I'm not talking about 'humility' as in "Before a fall comes pride, before honor humility.' NOTHING THAT SERIOUS!

I mean usually we like to think of ourselves as being or striving to be humble, "nice", not arrogant, not conceited, not, how do I say, egotistical.

But I've been watching some music videos and a lot of it is about self-expression and empowerment. And these young women (and men) aren't pretending not to be the best at what they do.

So my question is: is there ever a time when you feel and think it's right to feel: smart, smarter, smartest, good looking, very good looking, the best looking person around?

Is there ever an appropriate time to judge yourself and others and find others lacking? Do you ever feel alienated from other people? Do you ever feel that is because your are better OR not as good as other people at something?

And do I win the award for the most PC post of the day? :bigsmile:
 
When it is not appropriate.
 
I've always thought humbleness was a misplaced virtue, an excuse for moral cowardice. If you're good at something, you owe it to yourself, and more importantly, to the rest of society, to excel at it and contribute it to the greater good. Hard to excel when you're too busy denying.

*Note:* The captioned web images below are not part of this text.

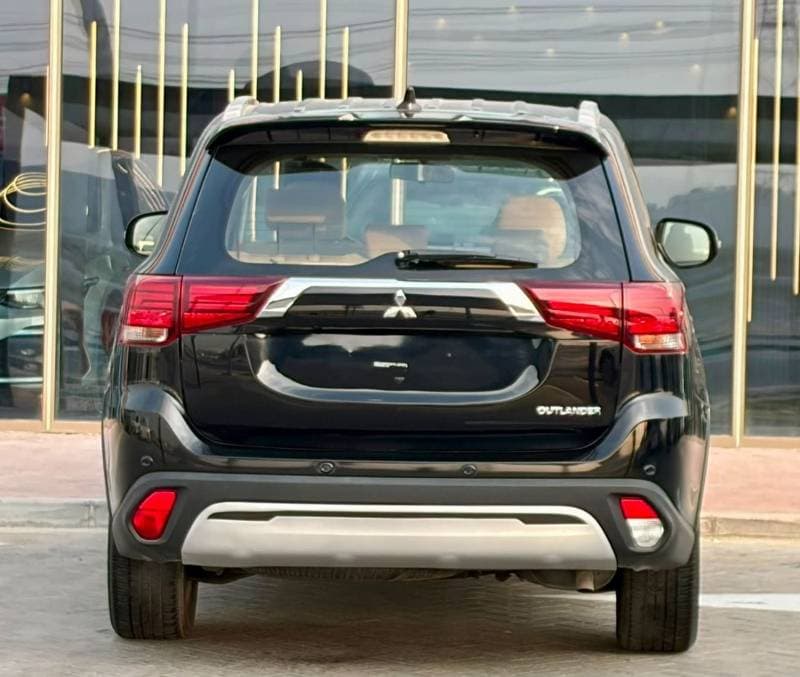 2022 Mitsubishi Outlander thumbnail 6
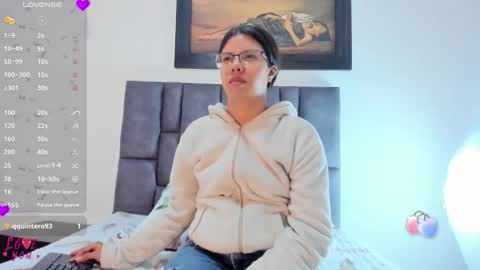 Vahiolet smith online show from May 9, 2026, 3:23 am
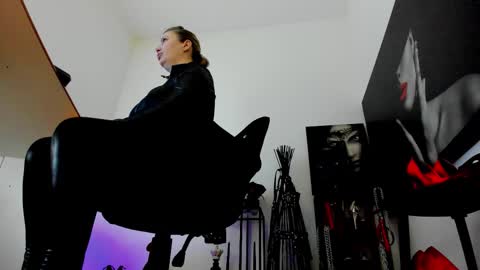 Misscatsnow online show from 01.17.26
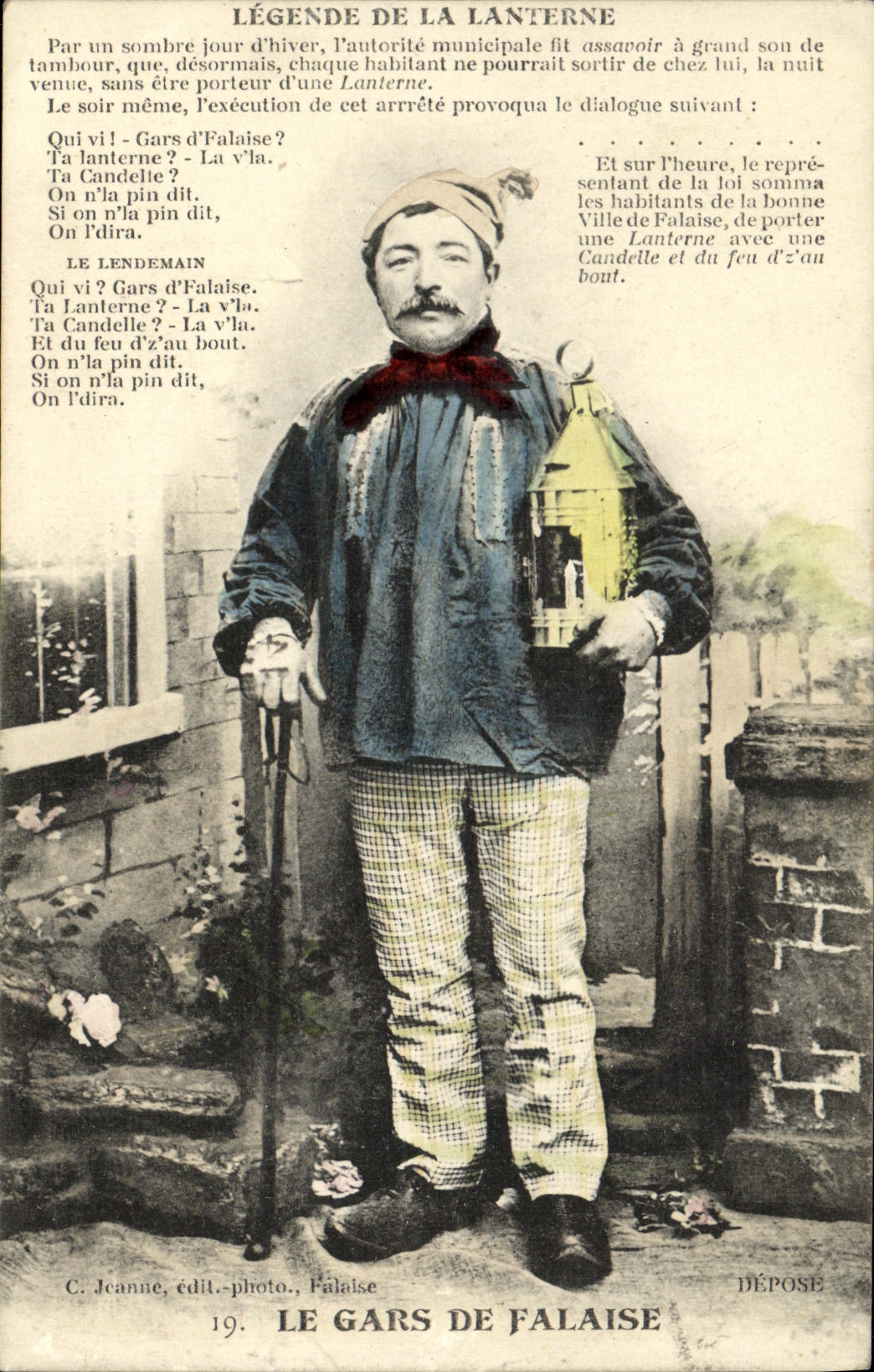 CPA Le Gars de Falaise Folklore Costume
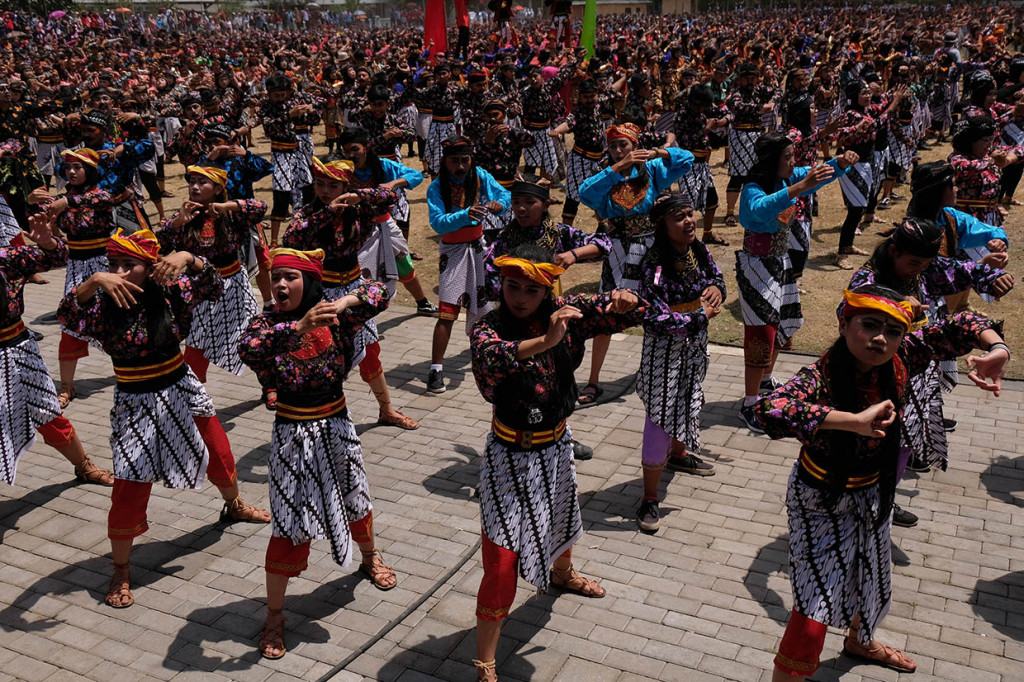 Kegiatan yang diikuti oleh 12.276 penari tersebut berhasil memecahkan rekor Museum Rekor Indonesia (MURI) sebagai rekor menari Soreng dengan peserta terbanyak. 
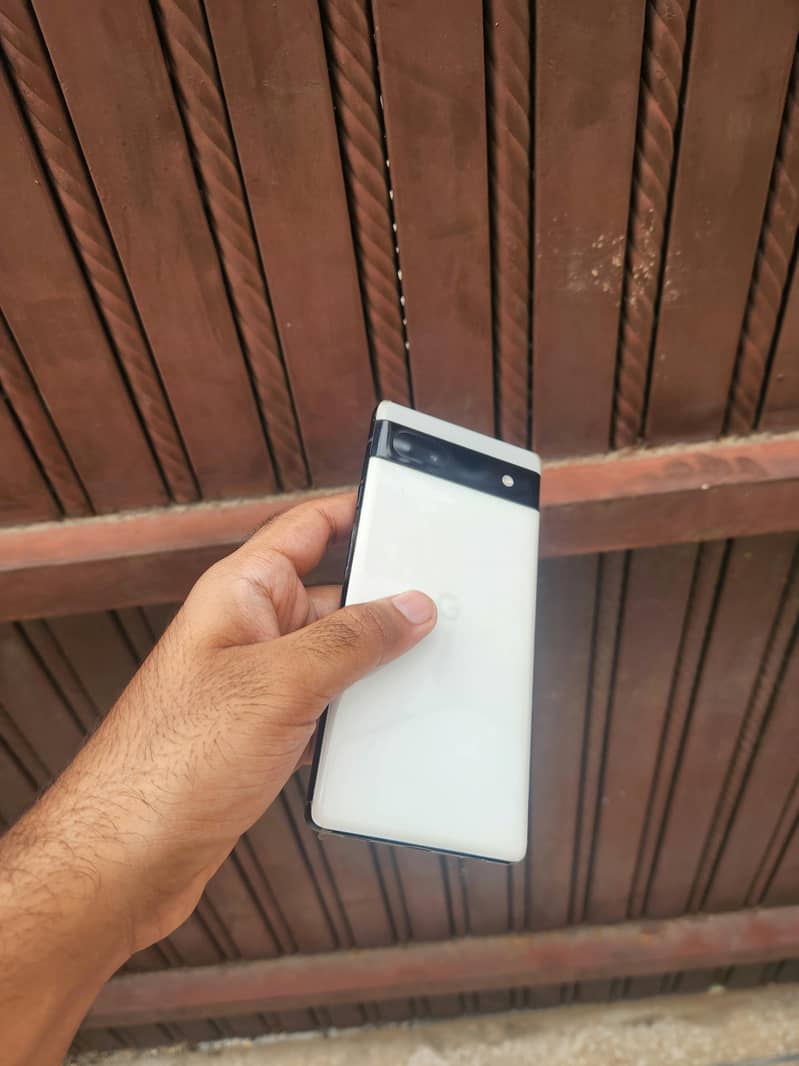 Google Pixel 6a 3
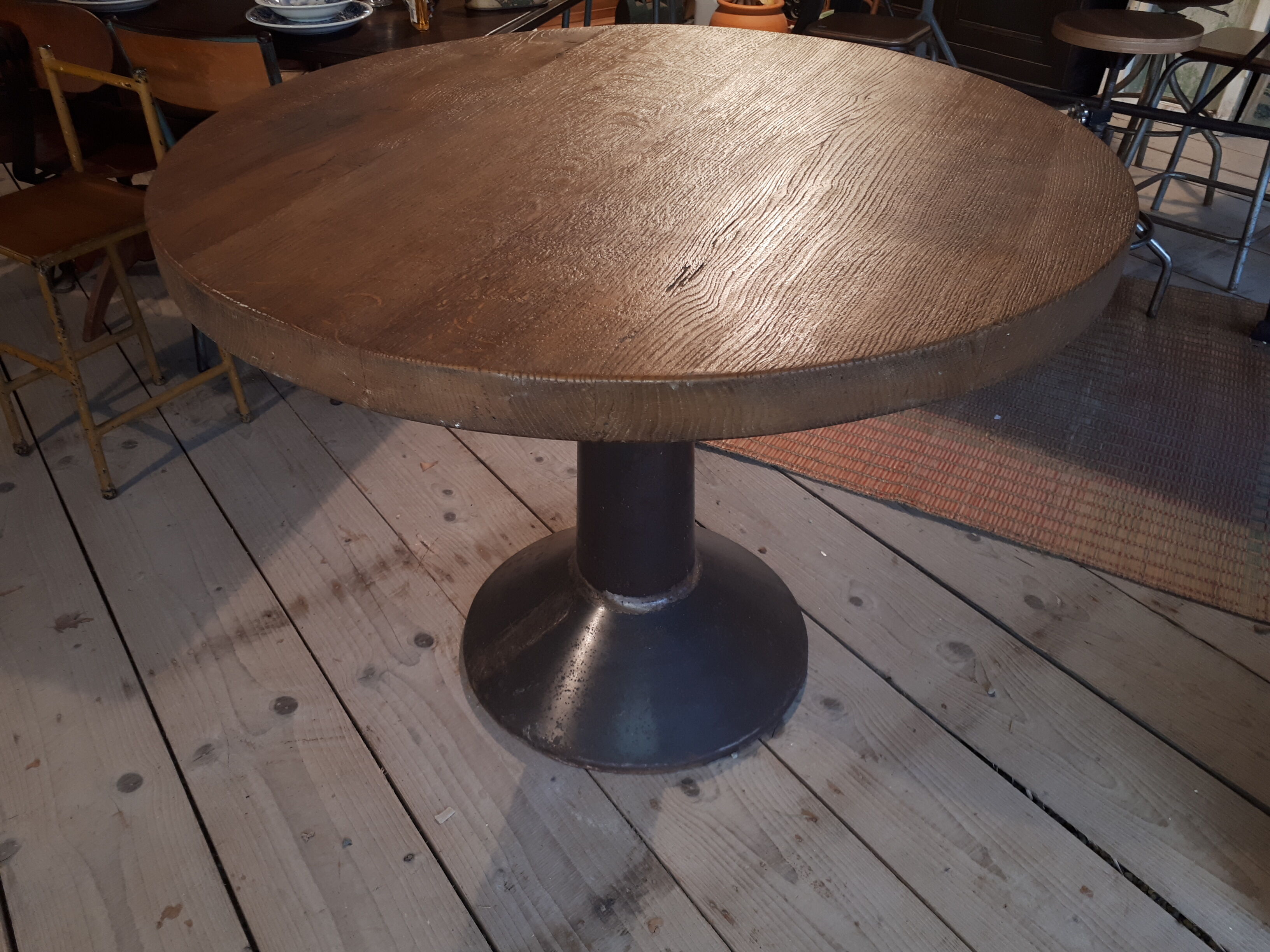 Round table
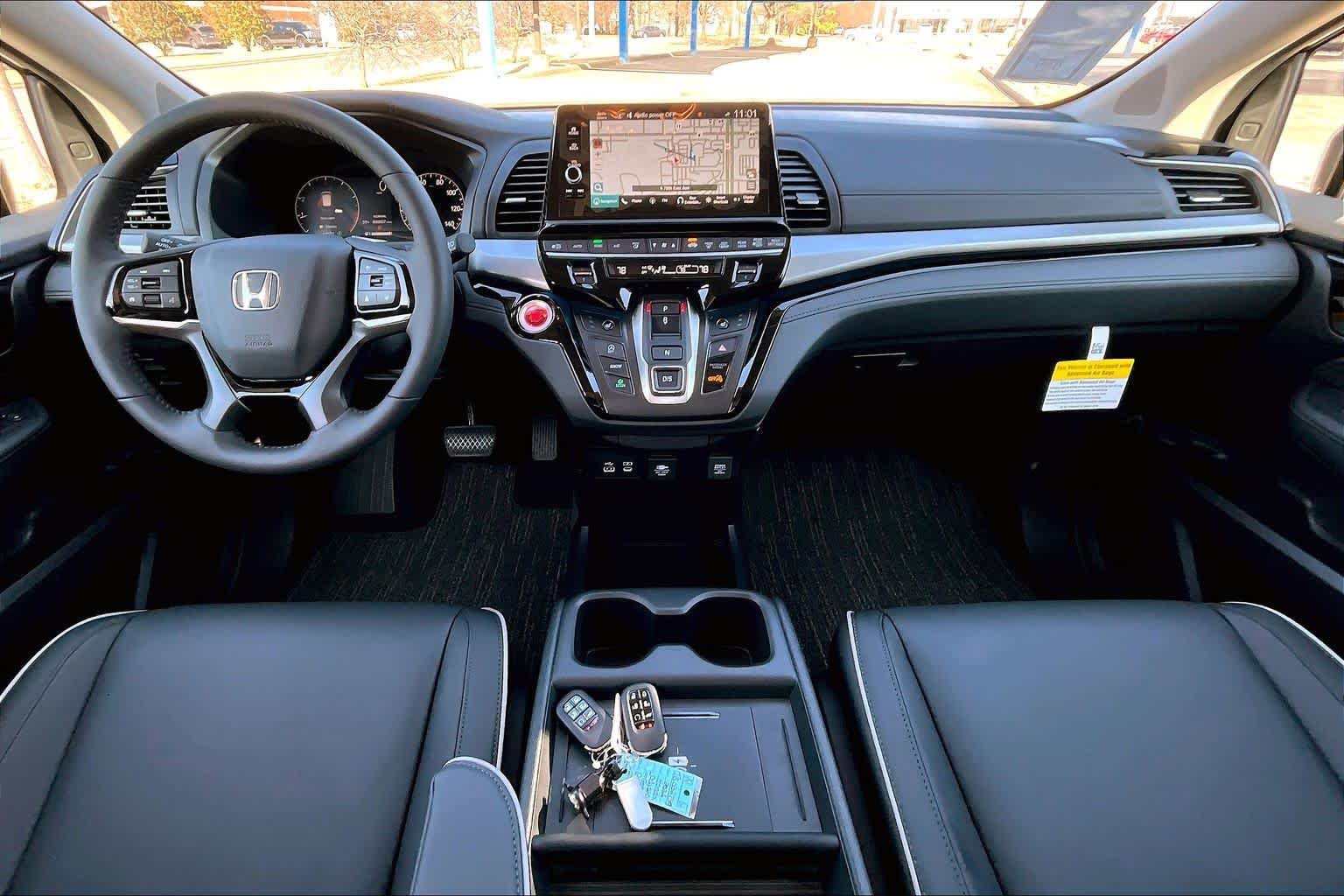 View vehicle photo 5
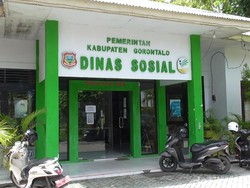 Kadinsos Kabupaten Gorontalo Diberhentikan Buntut Risma Marah soal Data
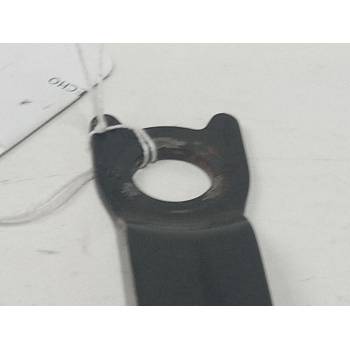 ANCLAJE CINTURON DELANTERO DERECHO 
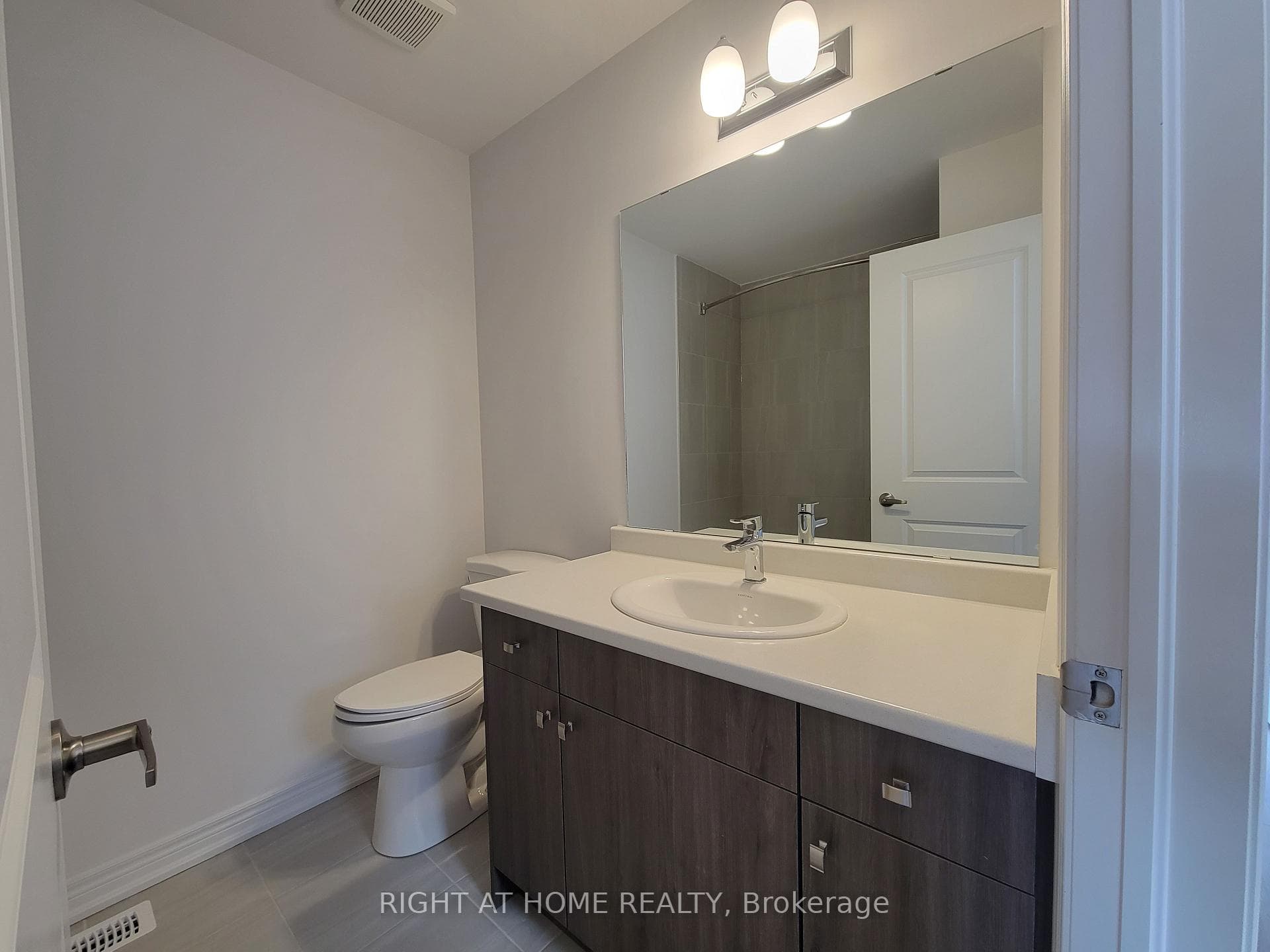 120 Court Drive Unit 12 photo 17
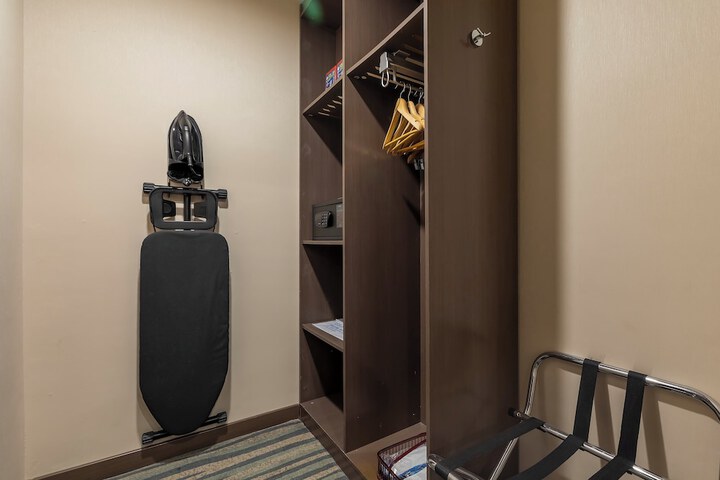 Room 29 of 67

So, uh ... all the time? I'm an elitist, and proud of it. :sun:
 
Its not possible for me to be humble at work. I have a fairly self depreciating humor and would consider myself fairly humble, normally, but that really doesn't work here. For example, If I made a joke about not being the best photocopier in the world, the next day I'd here comments like "don't trust C with the photocopier, even she thinks she'll break it". My colleges are the least humble people in the world, they are all world champions at everything! It makes me very uncomfortable to stand up and say I'm great at this or that, but if I didn't I'd have no work to do and no-one to work with. Its probably just my company culture but I worry how much I am being led astray by them.....
 
Talking politics. I'm always smarter than everybody else!
 
I think if you know that you are in a position where you could educate a person further then it is ok. I do that in the horse world. If I know I'm more knowledgeable, I don't flaunt it, but I will take the opportunity to teach someone.
 
Circe|1334656635|3173136 said:
I've always thought humbleness was a misplaced virtue, an excuse for moral cowardice. If you're good at something, you owe it to yourself, and more importantly, to the rest of society, to excel at it and contribute it to the greater good. Hard to excel when you're too busy denying.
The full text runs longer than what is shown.